Top of SUPPLIED DATA
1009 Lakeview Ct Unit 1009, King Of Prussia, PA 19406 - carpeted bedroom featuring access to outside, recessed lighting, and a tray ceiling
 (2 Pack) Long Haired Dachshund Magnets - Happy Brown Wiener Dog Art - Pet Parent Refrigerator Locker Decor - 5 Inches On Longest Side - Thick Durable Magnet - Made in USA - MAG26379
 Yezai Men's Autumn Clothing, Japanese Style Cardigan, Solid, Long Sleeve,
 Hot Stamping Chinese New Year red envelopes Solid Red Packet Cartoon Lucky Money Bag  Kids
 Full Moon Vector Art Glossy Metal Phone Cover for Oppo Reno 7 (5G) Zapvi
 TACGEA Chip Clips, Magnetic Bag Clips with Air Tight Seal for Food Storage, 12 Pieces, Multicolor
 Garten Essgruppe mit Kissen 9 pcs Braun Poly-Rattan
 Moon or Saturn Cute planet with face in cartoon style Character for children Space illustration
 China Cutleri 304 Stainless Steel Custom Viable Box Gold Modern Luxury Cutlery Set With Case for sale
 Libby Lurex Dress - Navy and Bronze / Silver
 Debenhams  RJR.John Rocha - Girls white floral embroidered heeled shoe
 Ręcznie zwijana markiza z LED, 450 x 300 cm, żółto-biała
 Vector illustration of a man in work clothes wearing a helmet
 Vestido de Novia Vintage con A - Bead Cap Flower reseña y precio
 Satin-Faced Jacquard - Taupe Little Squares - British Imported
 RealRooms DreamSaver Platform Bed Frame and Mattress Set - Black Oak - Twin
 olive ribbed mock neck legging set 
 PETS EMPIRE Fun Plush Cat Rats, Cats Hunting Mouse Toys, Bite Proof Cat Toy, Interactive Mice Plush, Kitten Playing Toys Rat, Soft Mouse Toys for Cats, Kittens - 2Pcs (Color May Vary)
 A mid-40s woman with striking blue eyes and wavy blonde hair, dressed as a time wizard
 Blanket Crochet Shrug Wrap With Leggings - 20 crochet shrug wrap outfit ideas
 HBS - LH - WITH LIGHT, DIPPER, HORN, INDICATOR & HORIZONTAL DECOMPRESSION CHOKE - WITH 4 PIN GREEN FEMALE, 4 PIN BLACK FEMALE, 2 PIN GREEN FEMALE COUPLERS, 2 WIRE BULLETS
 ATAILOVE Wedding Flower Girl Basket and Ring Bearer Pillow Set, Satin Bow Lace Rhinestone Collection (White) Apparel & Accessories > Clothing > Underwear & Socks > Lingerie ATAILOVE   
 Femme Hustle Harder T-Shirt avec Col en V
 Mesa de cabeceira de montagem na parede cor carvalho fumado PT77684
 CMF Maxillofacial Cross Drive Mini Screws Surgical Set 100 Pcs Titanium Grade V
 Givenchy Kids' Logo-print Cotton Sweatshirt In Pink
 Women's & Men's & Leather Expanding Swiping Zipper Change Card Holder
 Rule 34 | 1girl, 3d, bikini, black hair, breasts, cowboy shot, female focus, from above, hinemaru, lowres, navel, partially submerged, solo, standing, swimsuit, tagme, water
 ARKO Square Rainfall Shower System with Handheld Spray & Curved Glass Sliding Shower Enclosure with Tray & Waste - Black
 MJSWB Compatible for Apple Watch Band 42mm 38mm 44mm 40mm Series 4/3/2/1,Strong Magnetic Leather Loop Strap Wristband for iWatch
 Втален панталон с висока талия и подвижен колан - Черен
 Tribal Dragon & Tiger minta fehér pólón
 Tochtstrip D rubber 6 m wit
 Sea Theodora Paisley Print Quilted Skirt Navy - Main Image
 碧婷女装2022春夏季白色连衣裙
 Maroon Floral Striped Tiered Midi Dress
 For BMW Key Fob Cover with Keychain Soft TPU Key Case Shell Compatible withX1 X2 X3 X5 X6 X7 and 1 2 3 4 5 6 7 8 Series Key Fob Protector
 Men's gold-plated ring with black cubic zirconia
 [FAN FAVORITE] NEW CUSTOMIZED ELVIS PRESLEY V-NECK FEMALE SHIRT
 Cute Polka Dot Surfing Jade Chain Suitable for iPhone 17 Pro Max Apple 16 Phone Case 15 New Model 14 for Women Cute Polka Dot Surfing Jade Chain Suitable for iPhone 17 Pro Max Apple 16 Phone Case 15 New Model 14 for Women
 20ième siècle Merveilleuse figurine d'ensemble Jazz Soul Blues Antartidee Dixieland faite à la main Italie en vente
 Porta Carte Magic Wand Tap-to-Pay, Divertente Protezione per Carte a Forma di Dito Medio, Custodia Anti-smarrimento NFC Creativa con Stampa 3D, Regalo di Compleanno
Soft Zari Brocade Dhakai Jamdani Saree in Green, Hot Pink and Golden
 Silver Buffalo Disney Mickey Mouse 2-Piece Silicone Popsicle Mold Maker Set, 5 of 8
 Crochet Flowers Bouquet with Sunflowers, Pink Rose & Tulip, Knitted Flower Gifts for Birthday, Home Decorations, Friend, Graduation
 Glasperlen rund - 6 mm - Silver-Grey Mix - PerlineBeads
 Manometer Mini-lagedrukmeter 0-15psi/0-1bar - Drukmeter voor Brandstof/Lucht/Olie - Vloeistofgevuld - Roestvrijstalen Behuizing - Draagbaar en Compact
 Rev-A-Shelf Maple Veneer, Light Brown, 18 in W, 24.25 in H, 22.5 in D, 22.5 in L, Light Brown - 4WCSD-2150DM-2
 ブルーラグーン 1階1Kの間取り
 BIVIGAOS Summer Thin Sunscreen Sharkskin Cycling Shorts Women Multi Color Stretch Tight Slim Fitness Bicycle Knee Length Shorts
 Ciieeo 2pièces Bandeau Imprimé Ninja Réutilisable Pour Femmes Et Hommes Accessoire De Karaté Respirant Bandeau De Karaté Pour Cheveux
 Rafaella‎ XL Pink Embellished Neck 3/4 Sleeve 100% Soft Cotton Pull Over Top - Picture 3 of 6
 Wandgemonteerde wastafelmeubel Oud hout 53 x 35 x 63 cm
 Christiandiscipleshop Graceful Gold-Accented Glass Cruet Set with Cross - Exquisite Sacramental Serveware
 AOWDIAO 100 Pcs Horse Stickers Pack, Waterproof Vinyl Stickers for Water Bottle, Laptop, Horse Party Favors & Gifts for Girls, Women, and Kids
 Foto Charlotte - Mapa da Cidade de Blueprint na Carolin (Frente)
Bottom of SUPPLIED DATA
=== WHAT TO PRODUCE ===
A single number is needed: the count of lines in the records that include "Glass".

=== ANSWER ===
2